# Cheap head for stoner metal?



## Thin_Ice_77 (Mar 29, 2009)

I'm forming a stoner metal side project soon and I need a cheap head to be able to capture a Kyuss type of tone. Something with lots of gain, almost a muddy tone and that'll withstand any abuse I throw at it. Here's a good example of the type of sound:



Any suggestions? Prepared to buy used, budget is about £350-400. Cheers


----------



## plyta (Mar 29, 2009)

IMHO a perfect recipe for that:

1)All mahogany shortish scale guitar with vintagey pickups (think gibson, prs);
2)Uber-thick strings+downtune;
3)Some old tube bass head+bass-heavy distortion box;
4)bass cabinets

Search for a beater old tube bass head  (and cabinet, guitar cabinets might crap out from bass head  )


----------



## HamBungler (Mar 29, 2009)

Old, vintage-styled equipment and fuzzboxes are your best friends. A Marshall Valvestate would probably get the job done, or a JCM 800 clone probably. If you didn't mind spending money I'd totally go for an Orange Rockerverb 100  or a Sunn or Soldano amp of some sort.
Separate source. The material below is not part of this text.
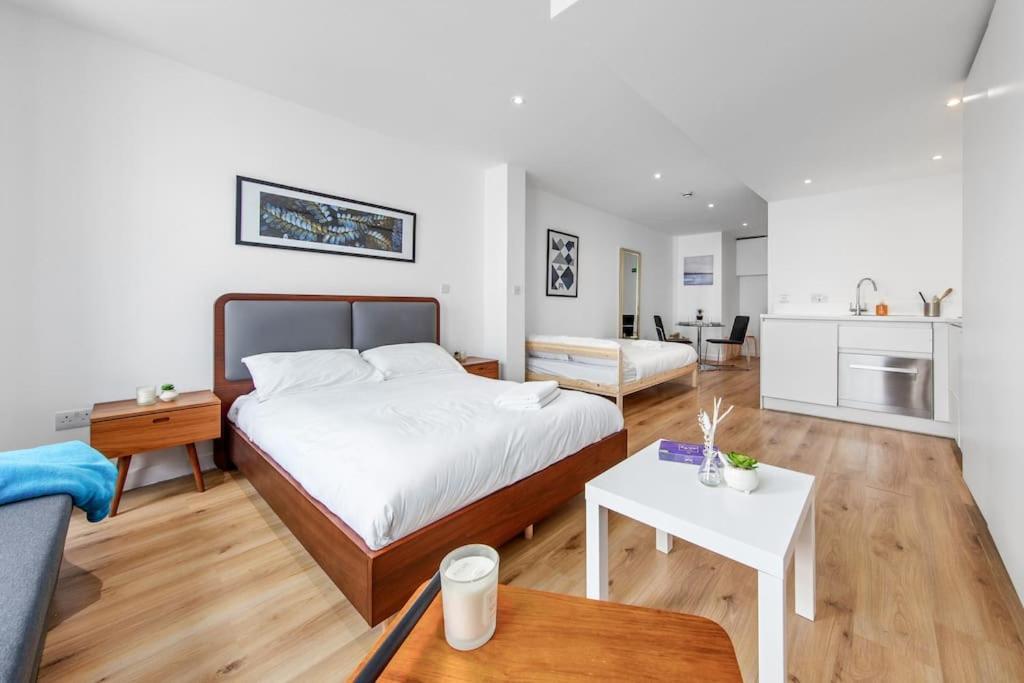 Stylish Sleep6 Flat At Iconic Piccadilly Circusvr6 *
There's also a plethora of Fuzzboxes to help you get there, the Big Muff Pi should be more than enough, but there are also more interesting beasts like the Z-vex Fuzz Factory that can be used for more than just fuzzy distortion.


----------



## Panterica (Mar 30, 2009)

a fuckin Randall dude, Randall, Peavey XXX


----------



## EdgeCrusher (Mar 30, 2009)

A Fender Bassman cranked all the way up and boosted with a Tubescreamer should work nicely.


----------



## CynicEidolon (Mar 30, 2009)

Fender Supersonic would do the trick. And smaller strings to help with the loose-ness when you downtune to F1


----------



## tbird11 (Mar 30, 2009)

HamBungler said:


> Old, vintage-styled equipment and fuzzboxes are your best friends. A Marshall Valvestate would probably get the job done, or a JCM 800 clone probably. If you didn't mind spending money I'd totally go for an Orange Rockerverb 100  or a Sunn or Soldano amp of some sort.
> 
> There's also a plethora of Fuzzboxes to help you get there, the Big Muff Pi should be more than enough, but there are also more interesting beasts like the Z-vex Fuzz Factory that can be used for more than just fuzzy distortion.



+1
yeah man a big muff or an old fuzzface with the right eq settings on your amp and you'll be in stoner sludge heaven. 

This is a good cheap solution as most of the tones on Kyuss records to my knowledge are found on boutique or vintage amps.

As far as cheap amps go I would look at some secondhand Marshalls. (JCM 800, JCM 2000 or as mentioned previosly Valvestate)

Good Luck!


----------



## furrevig (Mar 30, 2009)

yeah, a old tube bass amp and a RAT distortion pedal would sound sick.


----------



## Daemoniac (Mar 30, 2009)

+1 to the marshall idea. Kind of loose, and really good for getting a more fuzzy tone. Maybe even a peavey, i know you can get a thick as tone from the peaveys, as long as its not too tight i think it'll be fine.


----------



## Crucified (Mar 30, 2009)

cheapest? a 5150. from there, look for sunn amps, or a jcm 800, maybe 900. look for anything high wattage that you can crank and boost.


----------



## Harry (Mar 30, 2009)

I'll have to disagree with the XXX, they're really a modern metal and shred sound and honestly too clear sounding for stoner metal. They were made for shredders and guys that play precision riffs and solos which is a utterly totally different sound to what a stoner metal guy would want.
For stoner metal, avoid modern, "clear" sounding amps to get a serious stoner tone.
Ask the kings of drone metal themselves (drone doom/metal and stoner have guitar tones you could use for both), Sunn O))).
They rock Sunn amps, and their tone absolutely drips of pure stoner/doom guitar tone.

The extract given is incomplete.